[Scraped caption text data]

----------

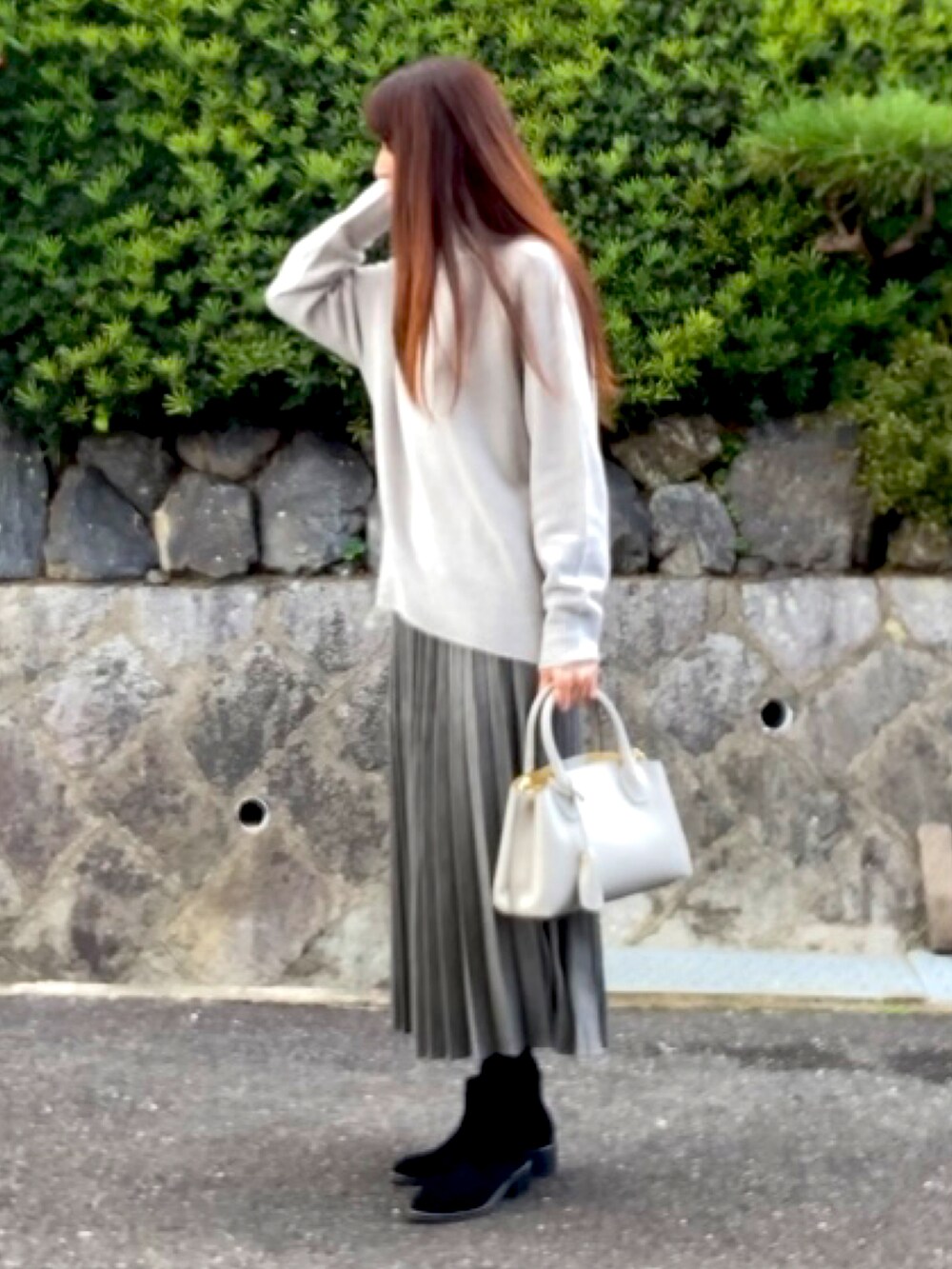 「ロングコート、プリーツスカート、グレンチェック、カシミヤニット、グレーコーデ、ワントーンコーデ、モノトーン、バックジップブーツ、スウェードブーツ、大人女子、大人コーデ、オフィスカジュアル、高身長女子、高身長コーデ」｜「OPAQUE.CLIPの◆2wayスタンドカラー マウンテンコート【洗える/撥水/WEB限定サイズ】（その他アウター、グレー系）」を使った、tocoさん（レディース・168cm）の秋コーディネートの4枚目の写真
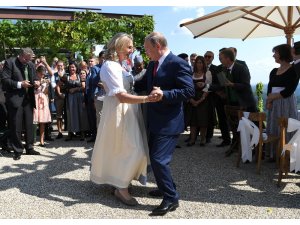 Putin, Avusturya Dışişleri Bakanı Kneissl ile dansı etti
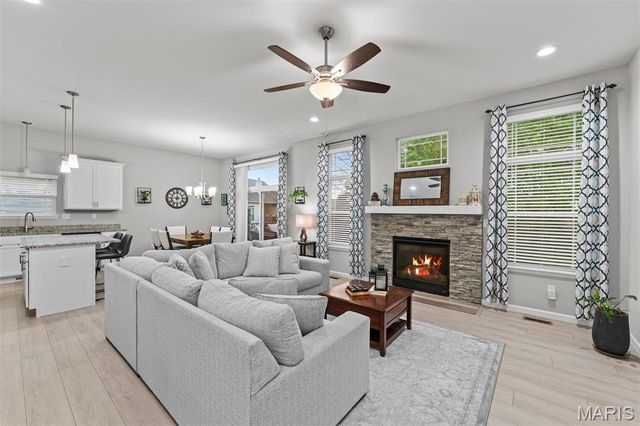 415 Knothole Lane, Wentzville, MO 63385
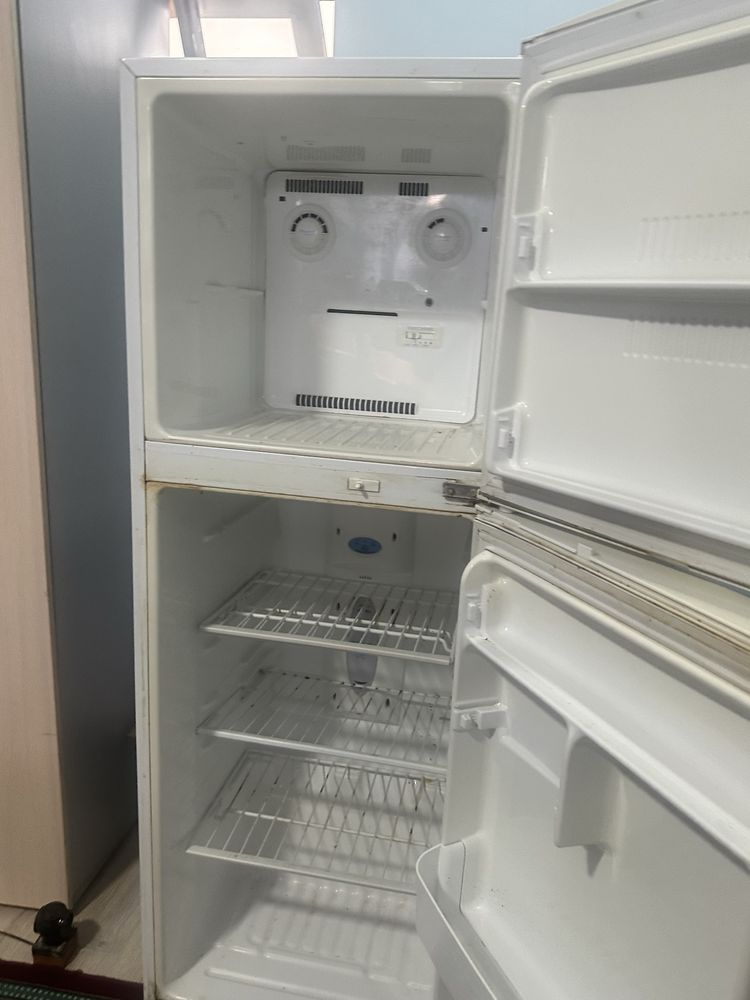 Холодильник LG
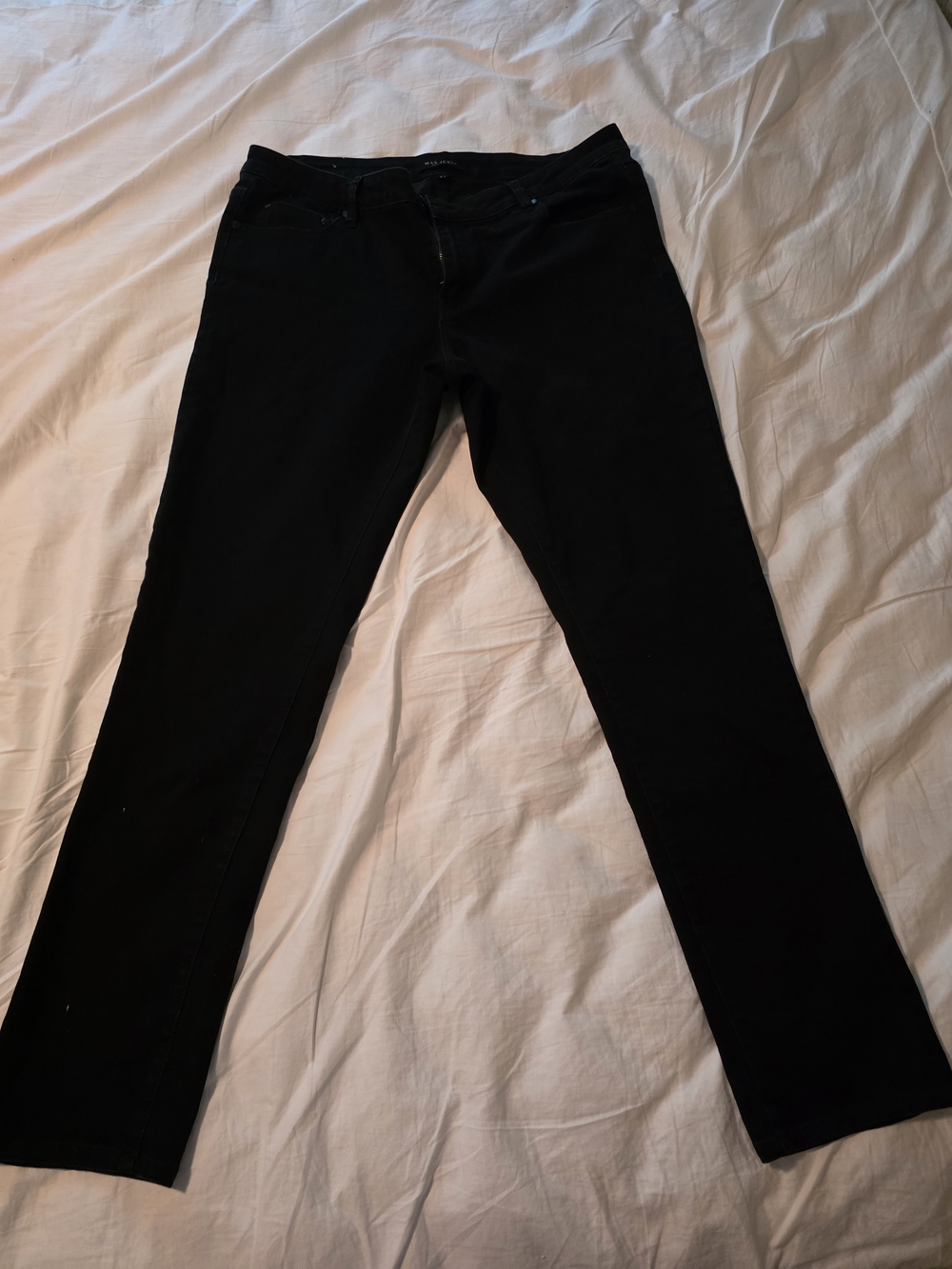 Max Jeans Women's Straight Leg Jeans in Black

----------

Problem details =
Take the line containing "Putin, Avusturya Dışişleri" and every line after it up to the end of the data, and write them out exactly, without the pictures.

Result for this exercise =
 Putin, Avusturya Dışişleri Bakanı Kneissl ile dansı etti
 415 Knothole Lane, Wentzville, MO 63385
 Холодильник LG
 Max Jeans Women's Straight Leg Jeans in Black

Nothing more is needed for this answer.